Confiança na Indução
- Não tem um fundamento racional.
- Não pode ser justificada só pela experiência.
- É uma necessidade psicológica e de sobrevivência.
- Baseia-se numa inclinação, num hábito, num costume, num instinto, numa expectativa.
- A certeza de que o fogo queimará assenta apenas num fundamento psicológico que é o hábito ou o costume.
- O hábito é um guia imprescindível da vida prática, mas não constitui um princípio racional.
- O indivíduo tem necessidade de produzir um hábito e de acreditar numa causalidade de modo a conseguir planear as suas ações e a viver com tranquilidade.
Ceticismo Moderado ou Mitigado de Hume
- Hume reconhece as limitações das nossas capacidades cognitivas e a nossa propensão para o erro.
- Reconhece-se que a nossa capacidade de conhecer é limitada e que o nosso conhecimento é falível.
- O nosso conhecimento sobre o mundo baseia-se na experiência, mas este não é suficiente para fornecer conhecimentos certos e necessários, sendo o nosso conhecimento meramente provável.
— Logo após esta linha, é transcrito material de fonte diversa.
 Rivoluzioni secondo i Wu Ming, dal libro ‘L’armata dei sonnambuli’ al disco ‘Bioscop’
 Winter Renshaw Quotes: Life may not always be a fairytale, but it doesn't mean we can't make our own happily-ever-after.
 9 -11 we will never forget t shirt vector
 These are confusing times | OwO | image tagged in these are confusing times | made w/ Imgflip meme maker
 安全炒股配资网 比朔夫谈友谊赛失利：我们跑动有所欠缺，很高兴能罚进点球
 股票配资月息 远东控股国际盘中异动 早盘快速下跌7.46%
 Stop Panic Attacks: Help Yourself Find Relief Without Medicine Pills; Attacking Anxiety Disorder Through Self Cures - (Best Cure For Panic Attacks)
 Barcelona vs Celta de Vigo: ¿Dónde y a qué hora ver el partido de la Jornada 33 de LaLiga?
- Apesar de não terem um fundamento racional suficiente, as nossas crenças na existência do mundo exterior, na causalidade e na uniformidade da natureza têm de ser mantidas para podermos viver e conhecer.
- Temos de ter consciência de que essas crenças não são verdades necessárias, mas sim superstições.
O Problema do Mundo Exterior
- Só podemos considerar real um hipotético mundo exterior se as coisas forem independentes das nossas impressões.
- O problema está no facto de que não temos experiência, nem impressão de tal realidade exterior.
- São a coerência e a constância de certas perceções que nos levam a acreditar que há coisas externas, dotadas de uma existência contínua e independente.
Críticas à Filosofia de David Hume
- O ceticismo de Hume pode conduzir à descrença ou desconfiança relativamente à nossa capacidade de conhecer e pôr em causa a investigação e os progressos científicos.
- Se abandonássemos a crença na realidade do mundo exterior e o princípio da causalidade (mesmo que este não tenha um valor objetivo), cairíamos numa hesitação constante e a vida prática tornar-se-ia insuportável.
- A análise do conhecimento humano, nomeadamente da indução, centra-se mais em questões psicológicas do que na procura racional filosófica dos limites e condições dessas crenças.
- A reflexão filosófica sobre a experiência e o conhecimento humano é também ela metafísica, estando fora da lógica e da matemática e ultrapassando as questões de facto e a própria experiência.